> [Exercise requirements]
Repeat the lines from the one containing "NIEUW Modern tuinhuis" through the last line of the data, exactly, pictures omitted.
+++ The data +++
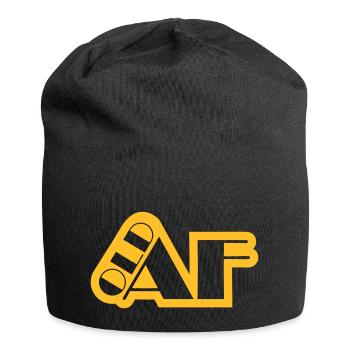 old AF Text Logo - Jersey Beanie - black - Front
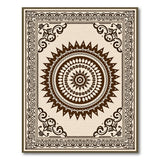 Elegant Beige Mandala Persian Area Rug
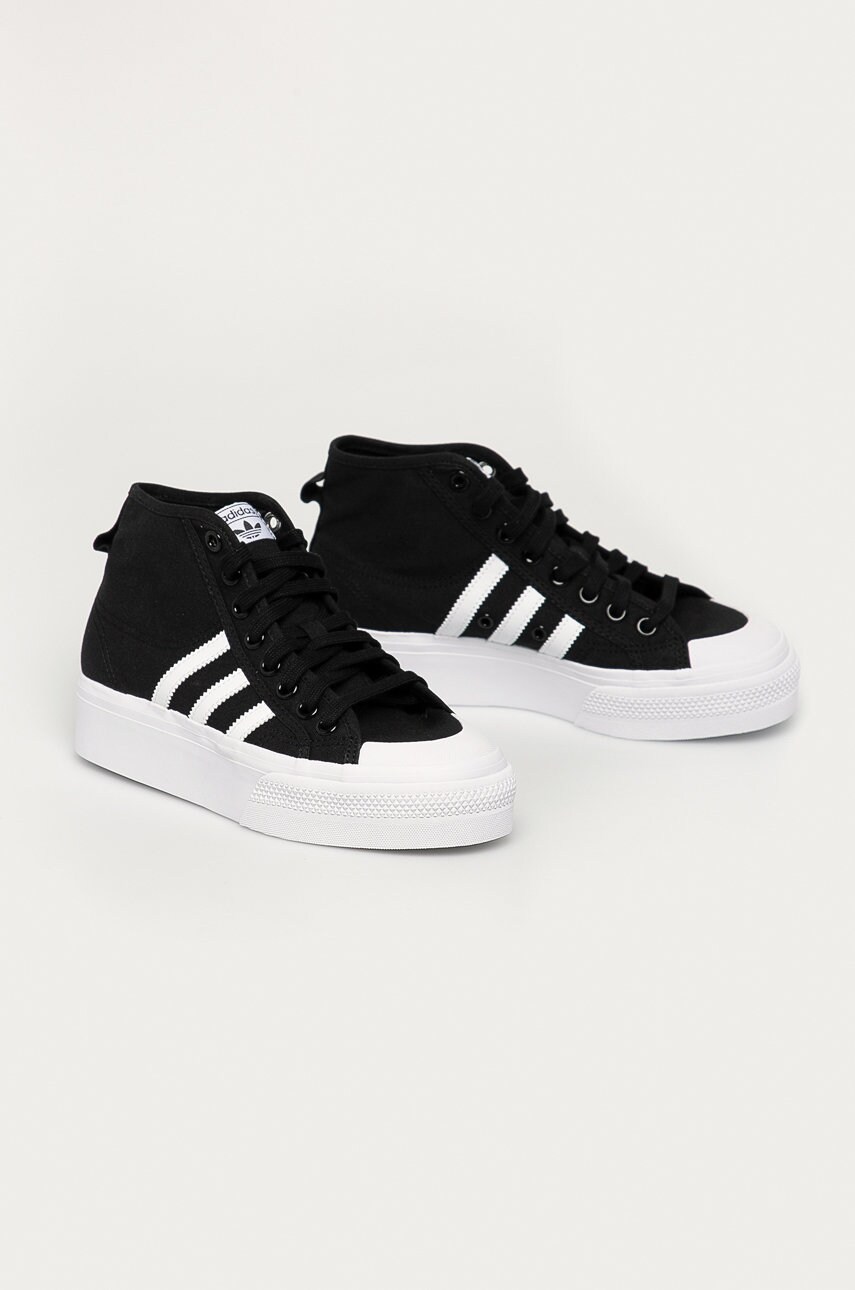 adidas Originals - Кеди Nizza Platform Mid FY2783-BLK/WHT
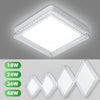 Modern LED Ceiling Light Round Panel Down Lights Bathroom Kitchen Bedroom Lamp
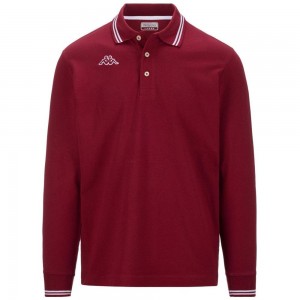 Men Kappa Logo Maltax 5 Mls Polo Shirt Red | 430951-HBO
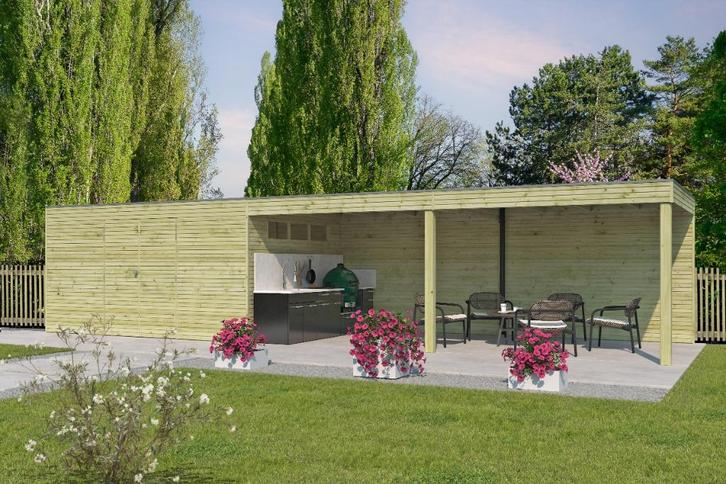 NIEUW Modern tuinhuis 7203EXT600, Hobby en Vrije tijd, Overige Hobby en Vrije tijd, Nieuw, Verzenden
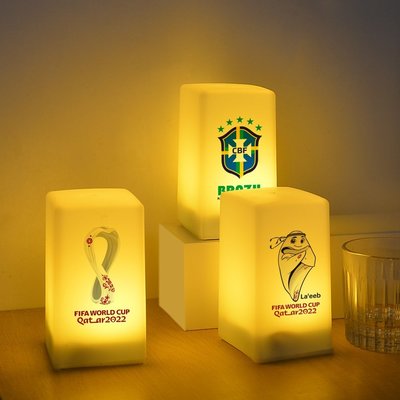 特價現貨 2022卡塔爾世界杯吉祥物阿根廷足球周邊夜燈臺燈裝飾擺件紀念品~特價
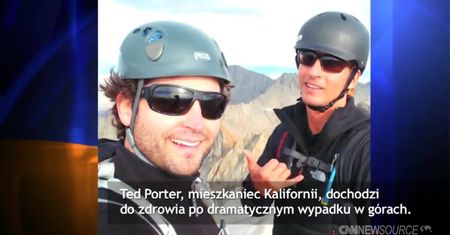 Wpadł w szczelinę lodowca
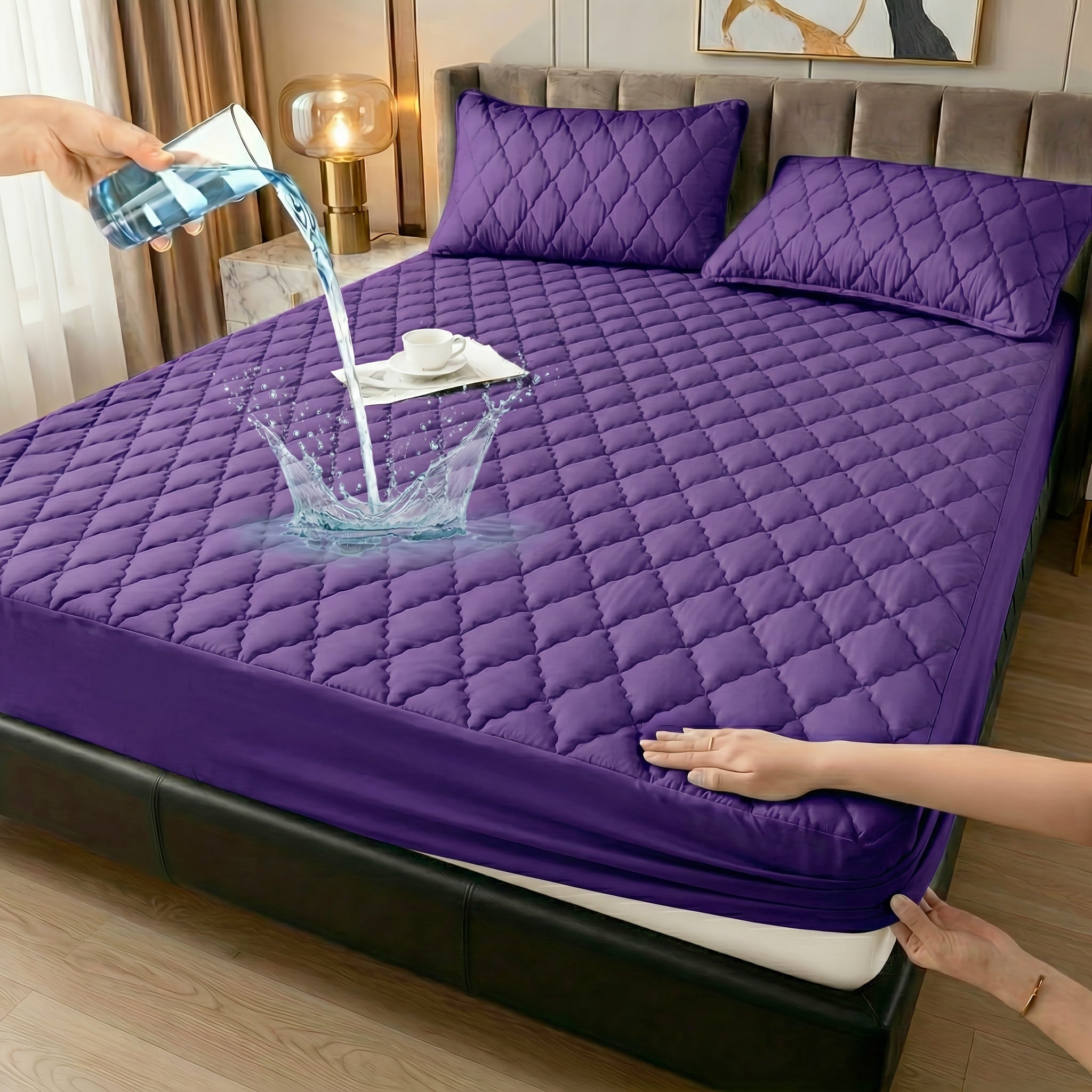 Waterproof Mattress Protector, Deep Pocket for 15-Inch Mattresses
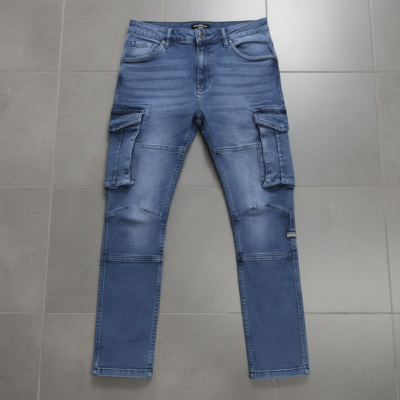 Stylish & Premium 6 Pocket Denim Cargo Pant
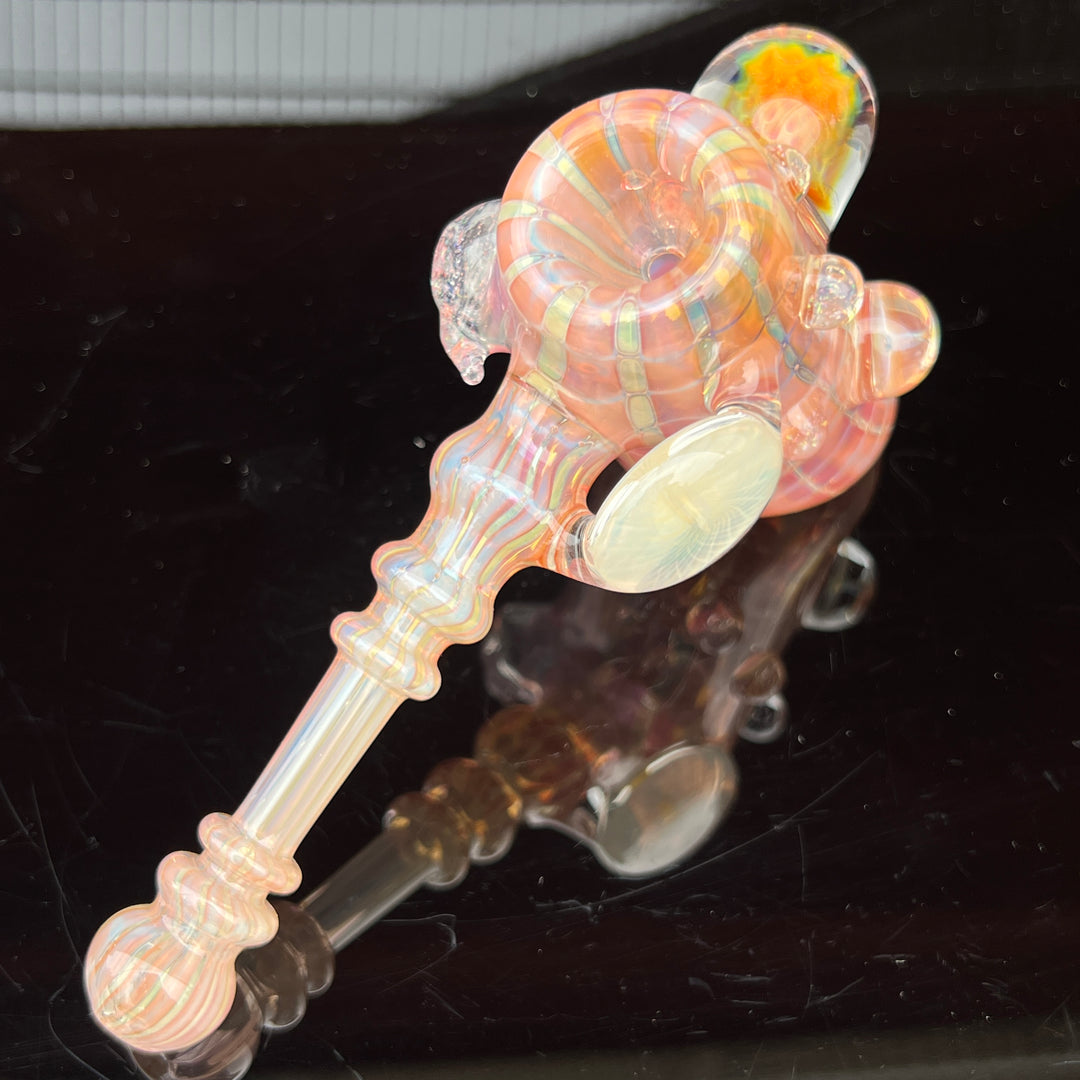 Gold Fumed Marbled Hammer Glass Pipe Sugar Shack   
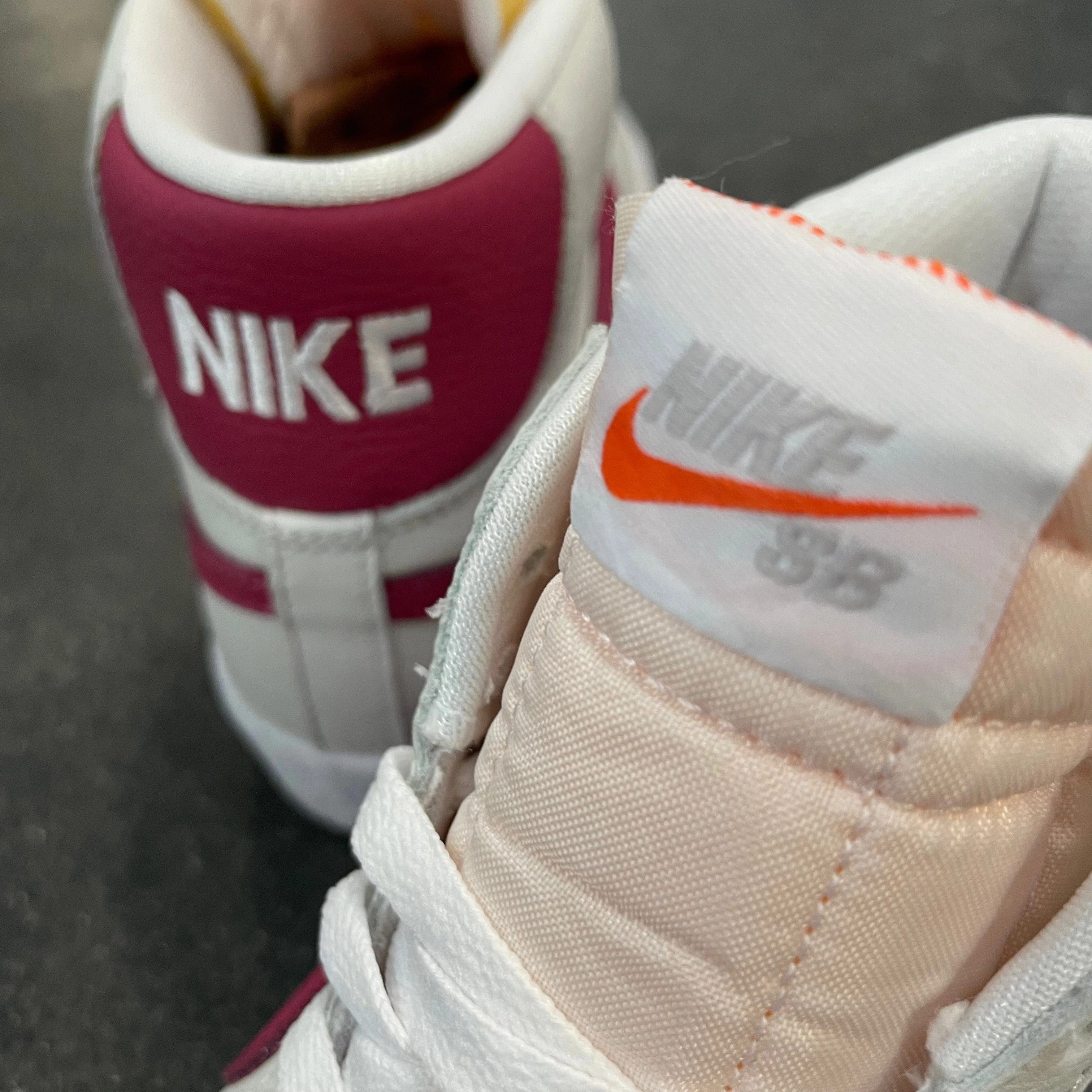 Asics Turf Shoes Baseball Nike SB Blazer Mid ISO Orange Label White/Sweet Beet SALE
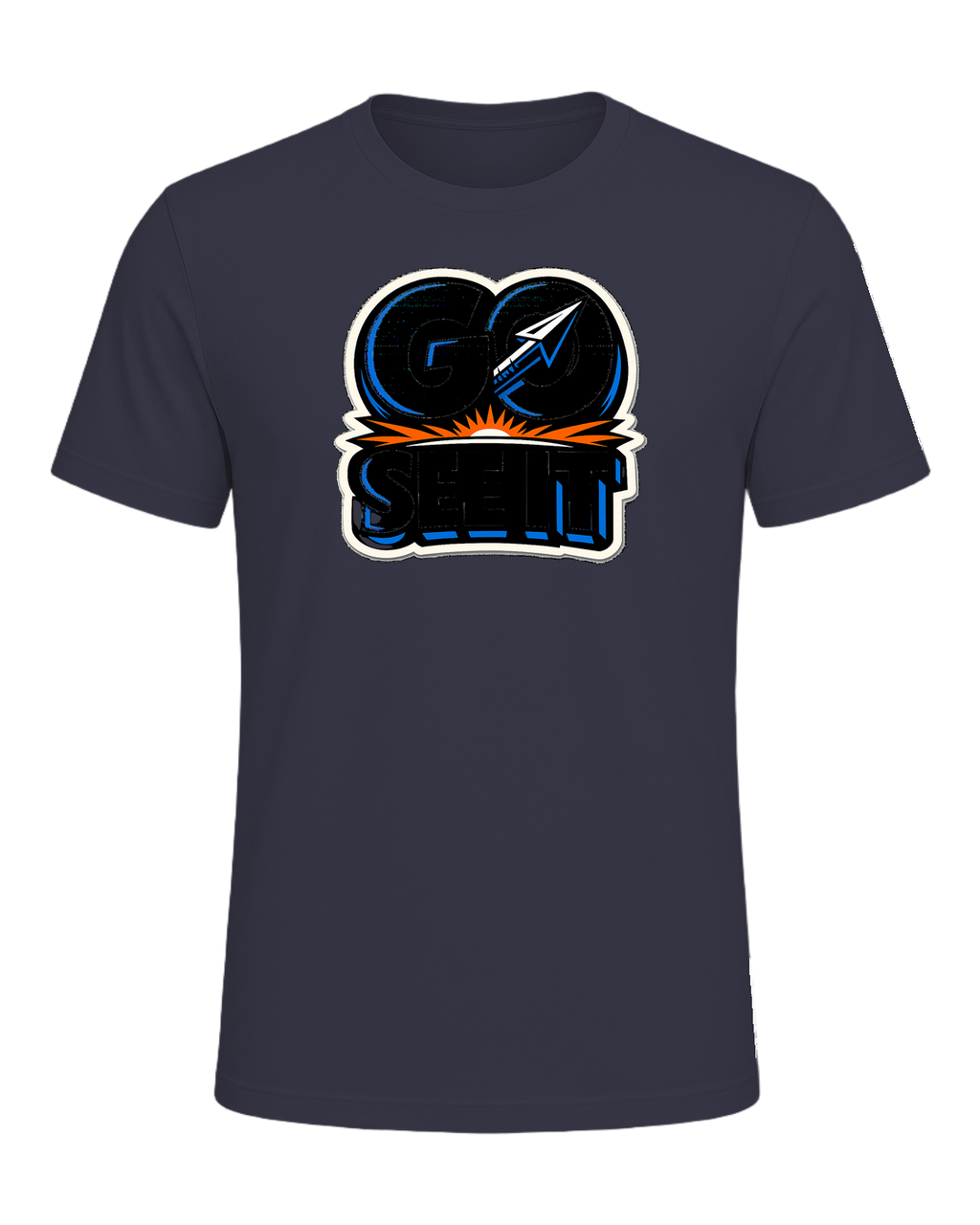 Go See It Tee — Heather Midnight Navy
+++
> [Reply to the task]
 NIEUW Modern tuinhuis 7203EXT600, Hobby en Vrije tijd, Overige Hobby en Vrije tijd, Nieuw, Verzenden
 特價現貨 2022卡塔爾世界杯吉祥物阿根廷足球周邊夜燈臺燈裝飾擺件紀念品~特價
 Wpadł w szczelinę lodowca
 Waterproof Mattress Protector, Deep Pocket for 15-Inch Mattresses
 Stylish & Premium 6 Pocket Denim Cargo Pant
 Gold Fumed Marbled Hammer Glass Pipe Sugar Shack   
 Asics Turf Shoes Baseball Nike SB Blazer Mid ISO Orange Label White/Sweet Beet SALE
 Go See It Tee — Heather Midnight Navy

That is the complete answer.